====== Task inputs ======

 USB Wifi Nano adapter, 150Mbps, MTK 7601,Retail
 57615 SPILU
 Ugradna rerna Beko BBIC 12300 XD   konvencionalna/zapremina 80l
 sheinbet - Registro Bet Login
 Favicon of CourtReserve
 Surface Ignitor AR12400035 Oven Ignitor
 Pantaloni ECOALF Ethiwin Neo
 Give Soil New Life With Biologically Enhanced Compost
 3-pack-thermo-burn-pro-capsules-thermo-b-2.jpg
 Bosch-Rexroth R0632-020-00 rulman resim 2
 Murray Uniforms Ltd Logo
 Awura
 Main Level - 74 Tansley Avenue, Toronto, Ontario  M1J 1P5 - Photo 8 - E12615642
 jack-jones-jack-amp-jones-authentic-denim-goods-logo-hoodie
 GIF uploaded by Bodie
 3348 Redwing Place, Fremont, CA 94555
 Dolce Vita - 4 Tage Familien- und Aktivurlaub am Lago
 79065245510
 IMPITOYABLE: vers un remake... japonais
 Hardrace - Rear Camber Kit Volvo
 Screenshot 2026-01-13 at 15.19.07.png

======

Each and every entry needs to be repeated exactly.

= The answer =
 USB Wifi Nano adapter, 150Mbps, MTK 7601,Retail
 57615 SPILU
 Ugradna rerna Beko BBIC 12300 XD   konvencionalna/zapremina 80l
 sheinbet - Registro Bet Login
 Favicon of CourtReserve
 Surface Ignitor AR12400035 Oven Ignitor
 Pantaloni ECOALF Ethiwin Neo
 Give Soil New Life With Biologically Enhanced Compost
 3-pack-thermo-burn-pro-capsules-thermo-b-2.jpg
 Bosch-Rexroth R0632-020-00 rulman resim 2
 Murray Uniforms Ltd Logo
 Awura
 Main Level - 74 Tansley Avenue, Toronto, Ontario  M1J 1P5 - Photo 8 - E12615642
 jack-jones-jack-amp-jones-authentic-denim-goods-logo-hoodie
 GIF uploaded by Bodie
 3348 Redwing Place, Fremont, CA 94555
 Dolce Vita - 4 Tage Familien- und Aktivurlaub am Lago
 79065245510
 IMPITOYABLE: vers un remake... japonais
 Hardrace - Rear Camber Kit Volvo
 Screenshot 2026-01-13 at 15.19.07.png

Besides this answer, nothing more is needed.